A national science civil society organisation, the Citizens’ Coalition for a Scientific Society, in a statement, called on the ministry to withdraw its charges against the KAIST president and conduct a proper audit. “The prosecution’s accusations went ahead without any opportunity for a proper investigation,” according to the statement.
It noted that heads of university departments are often unable to fulfil their term of office when the country’s leadership changes. “Under the last regime a science and technology blacklist was drawn up, to the astonishment of the scientific world,” said the statement issued in December, referring to blacklists drawn up under the regime of Park, who was impeached on corruption charges in 2016 and later imprisoned.
“Political involvement must be eliminated in the science and technology world as it violates academic autonomy and interferes with a creative research climate,” the civil society group said. It called on the ministry to establish a fair and transparent system that would block future political interference.
Premature resignations
Scientists have been concerned that around a dozen heads of science and technology departments appointed under former president Park have resigned or have come under pressure to resign since President Moon Jae-in took over after the May 2017 elections.
Notably, Park Tae-hyun, chairman of the Korea Science and Technology Foundation, and Hwang Jin-taek, head of energy technology evaluation in the science and ICT ministry, resigned in 2017 before their mandates were up.

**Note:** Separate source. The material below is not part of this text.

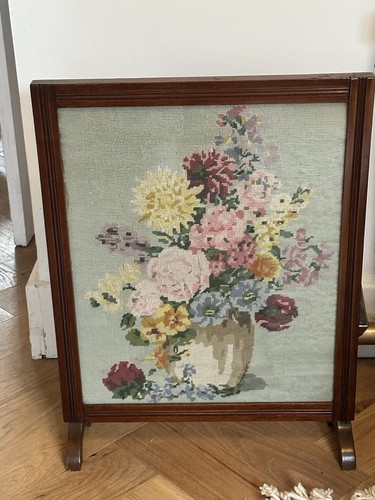 Vintage wooden needlepoint - wooden,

This was followed by resignations last year of the director of the Institute of Biotechnology, Seo Sang Hyun; the then head of Korea Institute of Geoscience and Mineral Resources, Shun kyung-ho; the president of Korea Institute of Science and Technology Evaluation and Planning, Yim Kee-chul; and the director of the Korea Atomic Energy Research Institute.
Park Sung-Hyun, an emeritus professor of Seoul National University, said in a commentary in Future Korea that the government’s action is a “serious breach of autonomy in research” involving the withdrawal of science heads who “do not fit the political code”.

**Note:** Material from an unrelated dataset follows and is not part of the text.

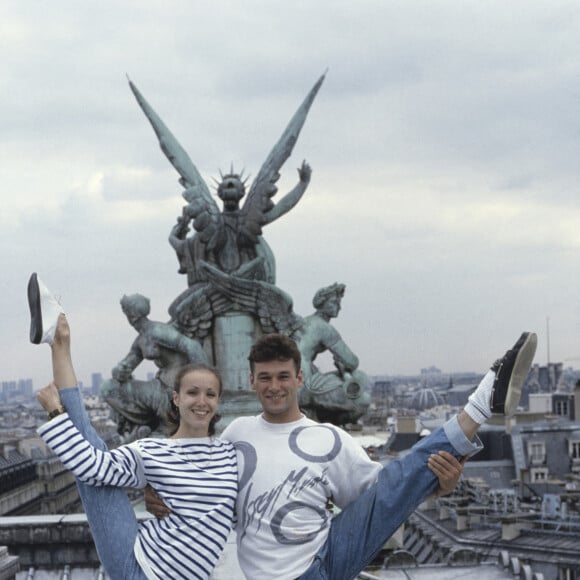 En France, à l'Opéra de Paris, Patrick Dupond sur les toits exécutant des exercices de danse avec humour avec Sylvie Guillem en septembre 1986. © Michel Marizy via Bestimage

He added that the decision by the KAIST board would “heighten accusations that the ministry has caused confusion due to its hasty judgement” in the case.
A KAIST spokeswoman told University World News that the KAIST board would decide on Shin’s future at a later date. “The case is now under investigation of the prosecutor’s office and we believe it will take time for a full investigation,” she said.

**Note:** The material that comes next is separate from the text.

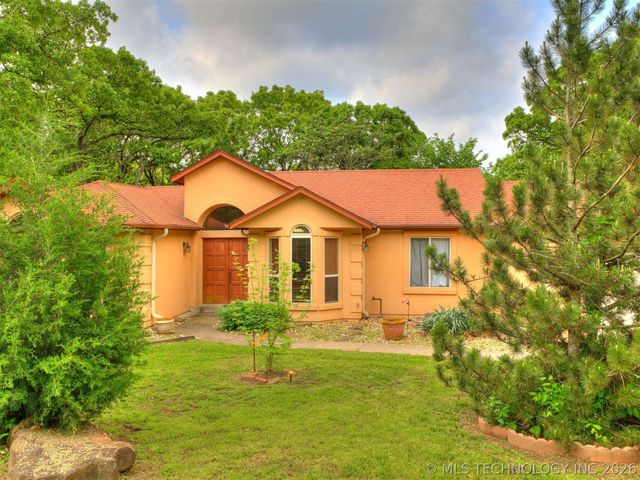 8714 Westway Road, Tulsa, OK 74131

The board “is unwilling to decide before the final result comes through from the [Seoul] prosecutor’s office”, she added.
As the case relates to Shin’s previous institution, “it is very hard to conduct an internal investigation at KAIST”, she said. “We are not fully aware of the nature of the case.”
Meanwhile, she stressed that “everything is continuing as normal” at KAIST “and the leadership is solid at this moment”.